* **Problem requirements**:
The response should contain all of the records, copied exactly, and none of the images.

------ Source data ------

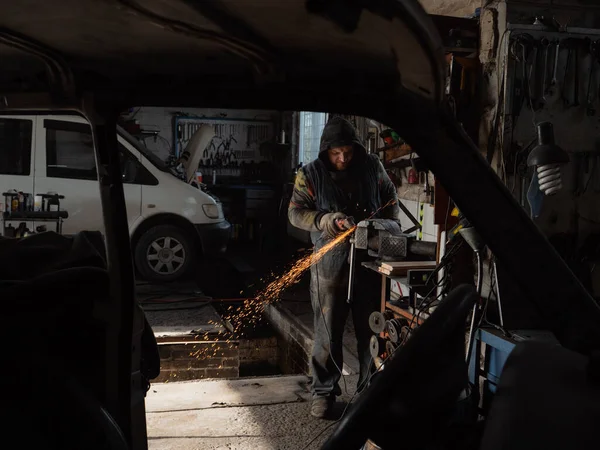 Sakallı bir adamın ellerinde öğütme makinesi, her yöne doğru parlak kıvılcımlar uçuşuyor..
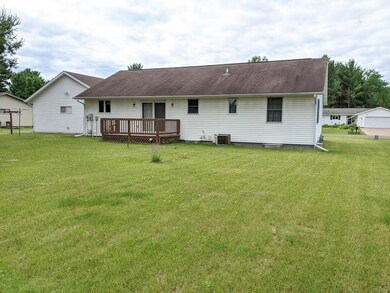 Back of home with nice deck.
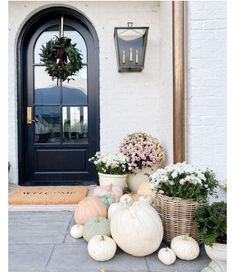 pumpkins and gourds on the front steps of a house with a wreath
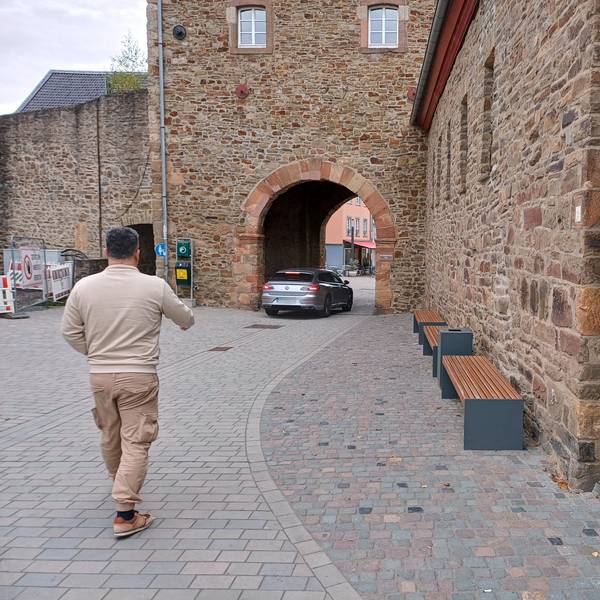 Ein Auto fährt durch das Orchheimer Tor in Bad Münstereifel, ein Fußgänger betritt den verkehrsberuhigten Bereich davor.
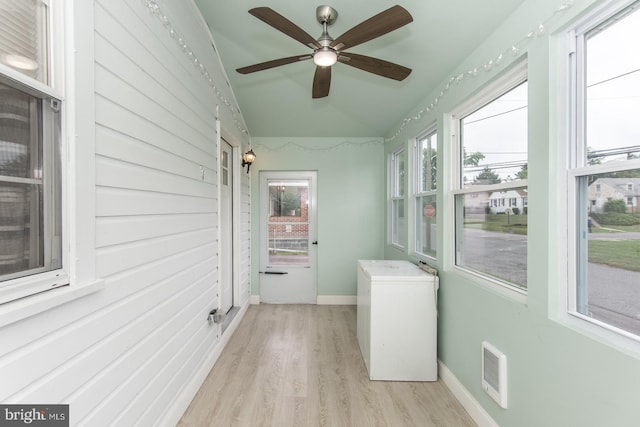 unfurnished sunroom featuring ceiling fan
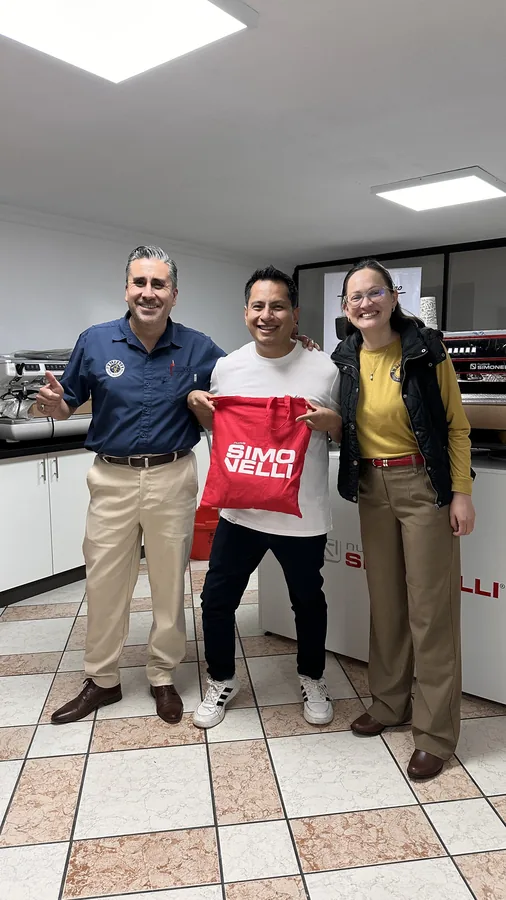 Tres colegas en la oficina sosteniendo una bolsa de regalo de la alianza con Nuova Simonelli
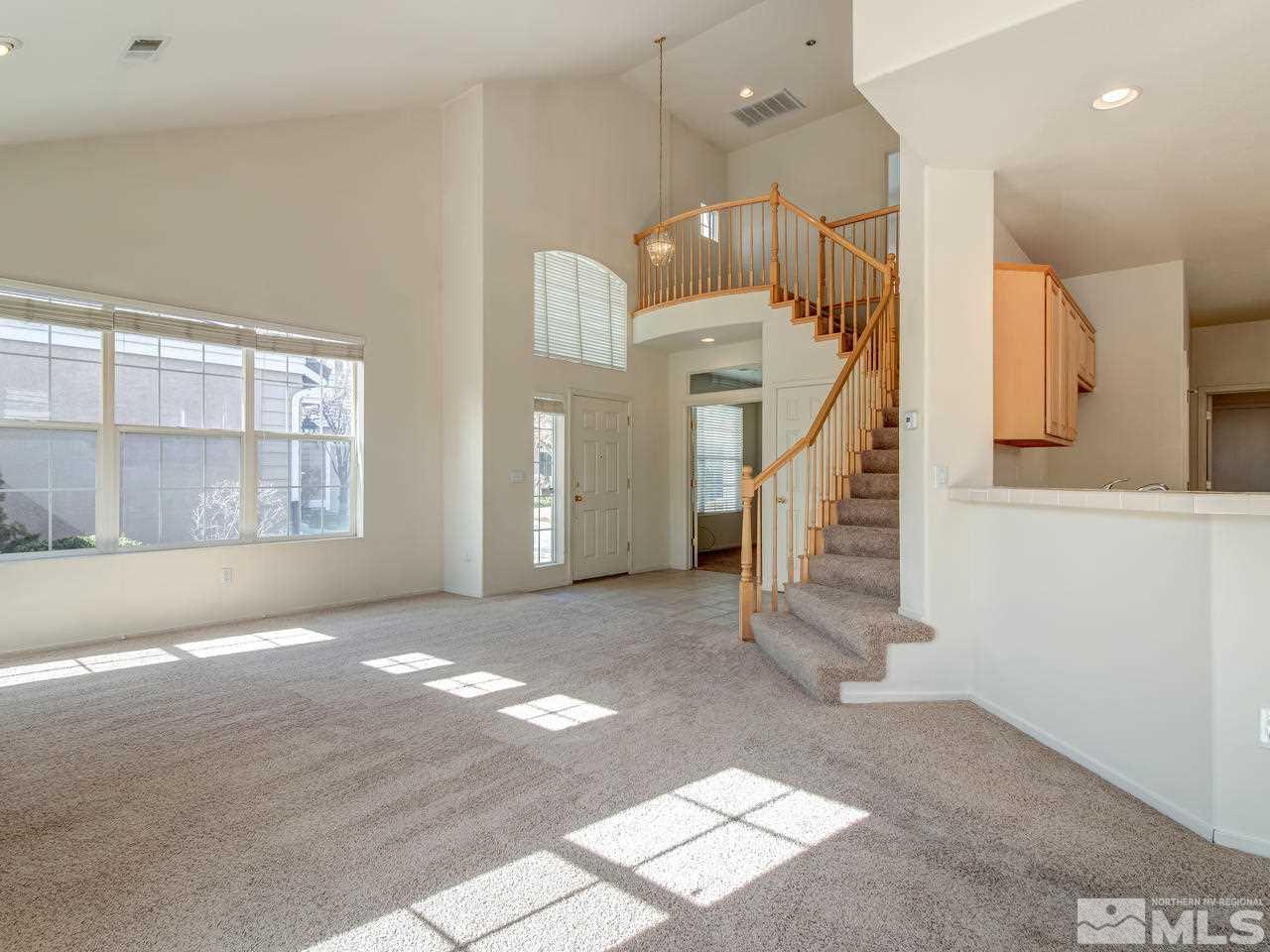 9647 Truckee Meadows Place Reno, NV 89521 - Photo 8 of 25 a view of an empty room with a fireplace and windows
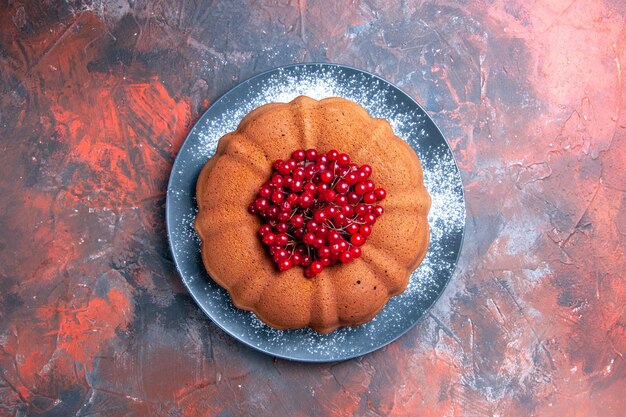 Plato de tarta de un apetitoso pastel con grosellas rojas sobre la mesa rojo-azul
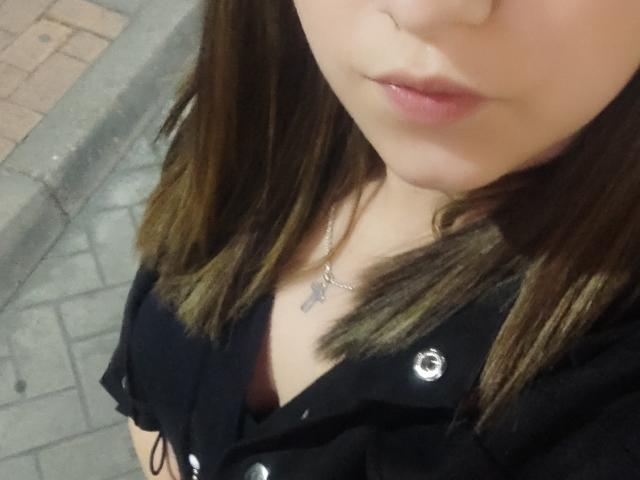 Kkatalina's face with slightly parted pink lips, brown shoulder-length hair, black button-up shirt, and silver necklace with cross pendant. Boobs visible under shirt. Upper chest focus.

------

* **Your solution**:
 Sakallı bir adamın ellerinde öğütme makinesi, her yöne doğru parlak kıvılcımlar uçuşuyor..
 Back of home with nice deck.
 pumpkins and gourds on the front steps of a house with a wreath
 Ein Auto fährt durch das Orchheimer Tor in Bad Münstereifel, ein Fußgänger betritt den verkehrsberuhigten Bereich davor.
 unfurnished sunroom featuring ceiling fan
 Tres colegas en la oficina sosteniendo una bolsa de regalo de la alianza con Nuova Simonelli
 9647 Truckee Meadows Place Reno, NV 89521 - Photo 8 of 25 a view of an empty room with a fireplace and windows
 Plato de tarta de un apetitoso pastel con grosellas rojas sobre la mesa rojo-azul
 Kkatalina's face with slightly parted pink lips, brown shoulder-length hair, black button-up shirt, and silver necklace with cross pendant. Boobs visible under shirt. Upper chest focus.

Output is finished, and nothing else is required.